> [TASK REQUIREMENTS]
Please reproduce the listing verbatim, without its images.

> [RAW DATA]

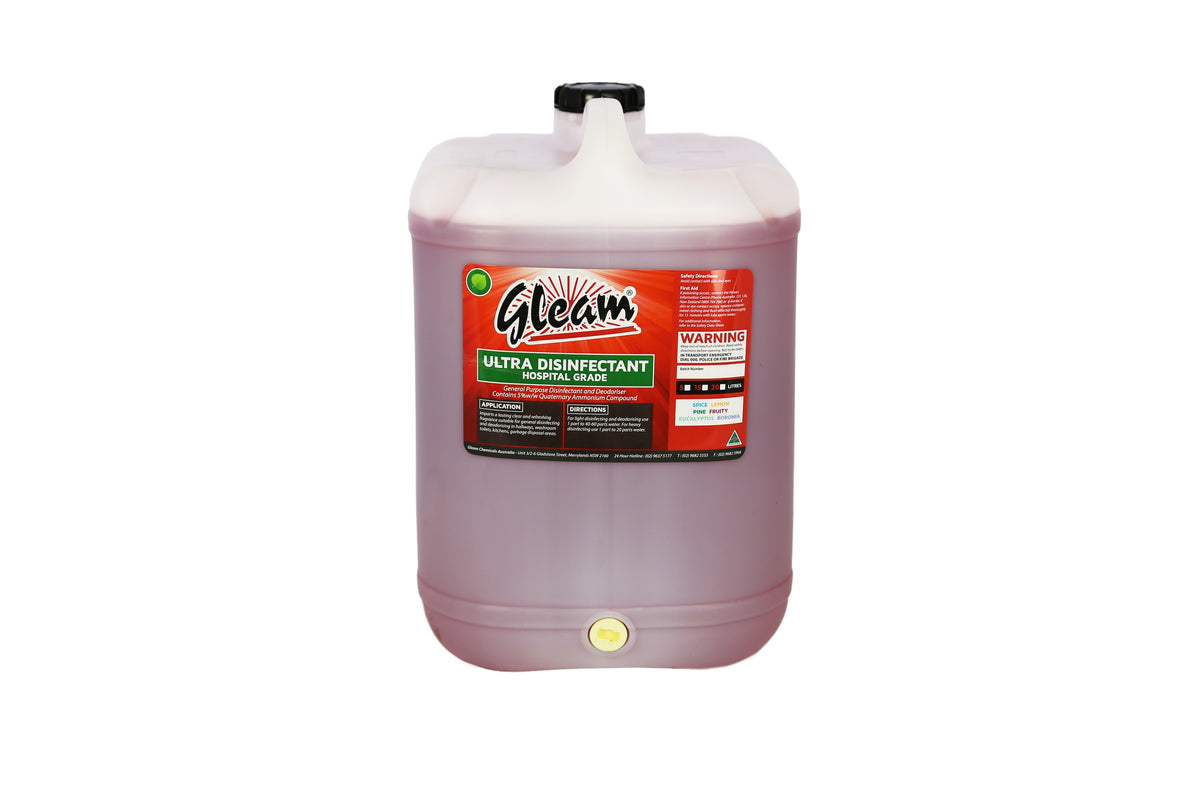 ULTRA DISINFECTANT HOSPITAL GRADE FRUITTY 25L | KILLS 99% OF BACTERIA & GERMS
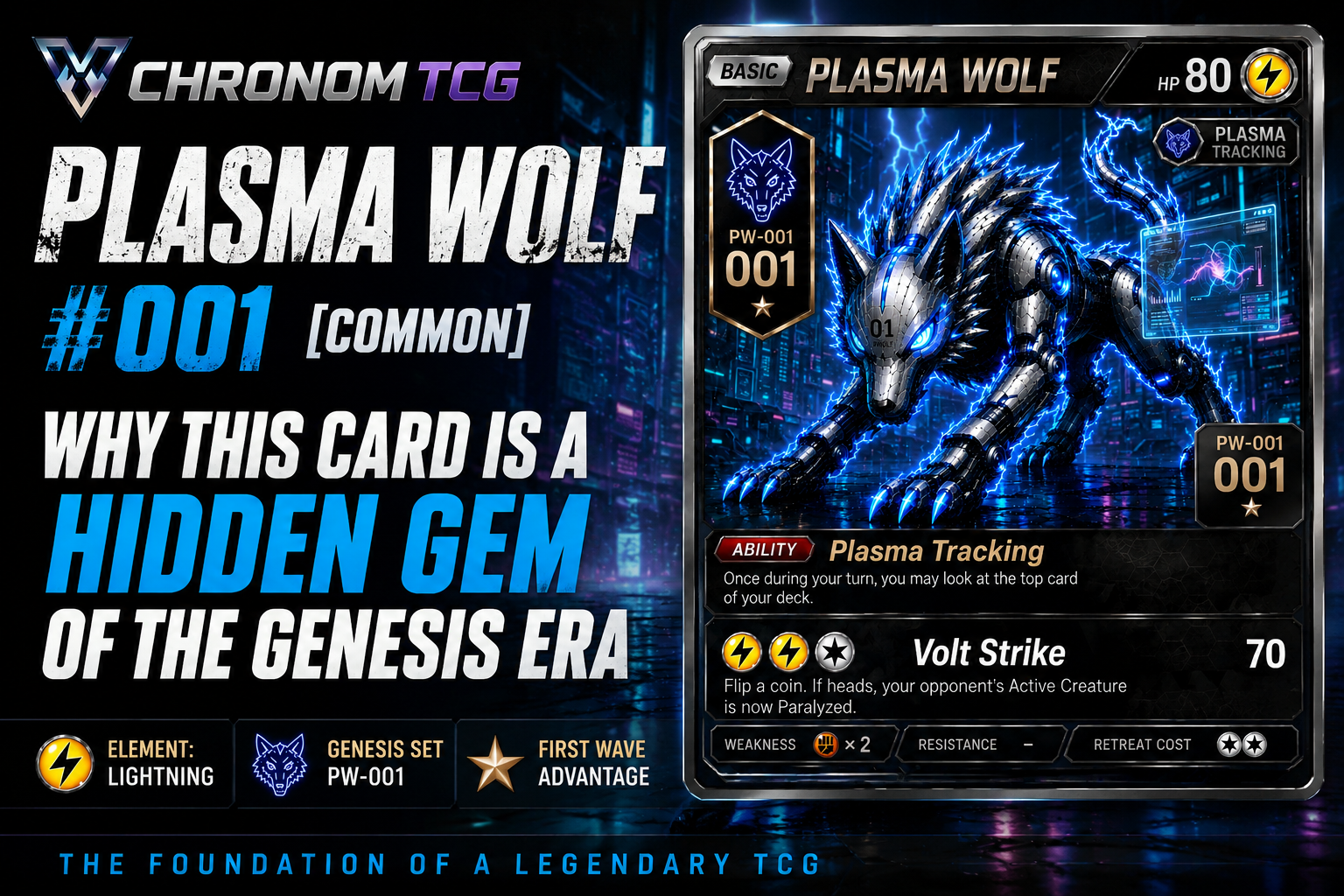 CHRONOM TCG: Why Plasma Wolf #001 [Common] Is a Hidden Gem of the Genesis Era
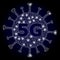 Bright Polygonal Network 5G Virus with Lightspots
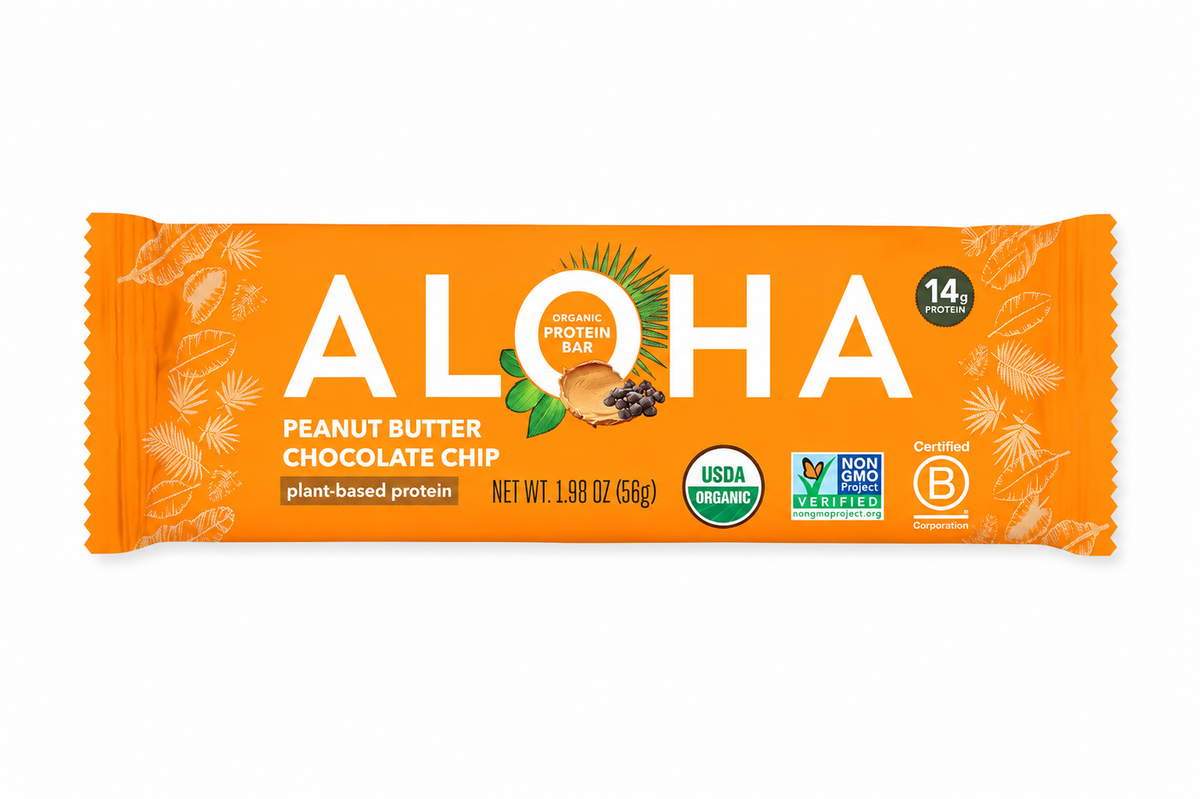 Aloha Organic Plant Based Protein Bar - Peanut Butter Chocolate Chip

> [SOLUTION TO THIS PROBLEM]
 ULTRA DISINFECTANT HOSPITAL GRADE FRUITTY 25L | KILLS 99% OF BACTERIA & GERMS
 CHRONOM TCG: Why Plasma Wolf #001 [Common] Is a Hidden Gem of the Genesis Era
 Bright Polygonal Network 5G Virus with Lightspots
 Aloha Organic Plant Based Protein Bar - Peanut Butter Chocolate Chip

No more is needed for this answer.